2:30am
I could’ve complained a little less
I could’ve ignored the giant mess
We were and pretended there was something left
To save, I guess.
And maybe you would’ve stayed.
Maybe I could’ve told you I didn’t care
How much I hurt, and pretended it was fair.
If I hadn’t left, if I’d just stayed there
Maybe then I’d still be playing with your hair
While you sleep, cause I’d still be in your bed,
And in your head.
Cause you’re still in mine.
Sometimes when I drink a little too much,
I miss the way it felt to touch you,
And the way it felt to clutch your hand
In mine.
And those same hands now hold my phone,
Thumb hovering over your number.
I wonder how you remember us.
Was I a mistake?
'Cause I tell myself it was all fake
So that it doesn’t keep me awake at night
But it still just aches.
Were we just not a good match?
Cause if you fell, I was waiting to catch you.
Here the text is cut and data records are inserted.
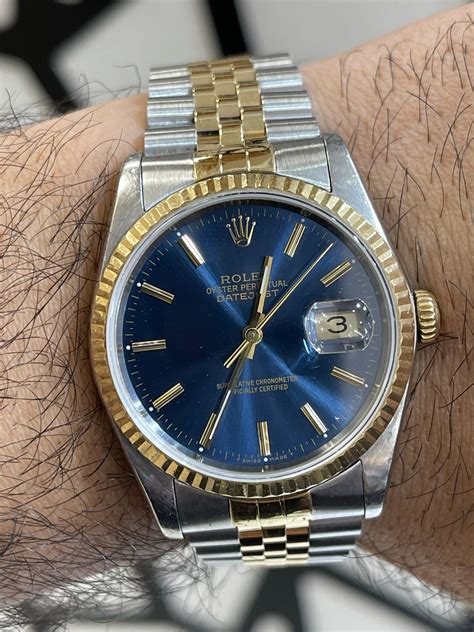 rolex 16233 blue|Rolex 16233 production years.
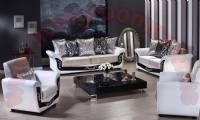 tulip living room sofa black and white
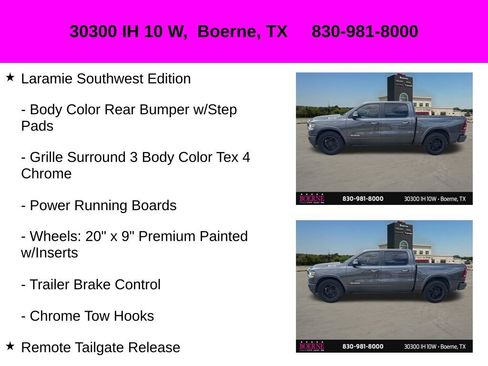 Used 2021 RAM 1500 Laramie w/ Laramie Southwest Edition RWD image 18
Spent my free time sewing patches over the mistakes we made,
And I guess I got too attached to notice
The fabric just didn’t match.
I felt like we were happy together.
We made each other better,
And I still want to be wherever
You are, and I’m worried that’ll never change.
Because the more time that goes by,
The more I regret saying goodbye.
Can’t we just talk, call it a tie?
Give this whole thing another try?
If I send this text will you even reply?
Cause I’m really sick of crying over you.
And I just wanna know if you miss me too.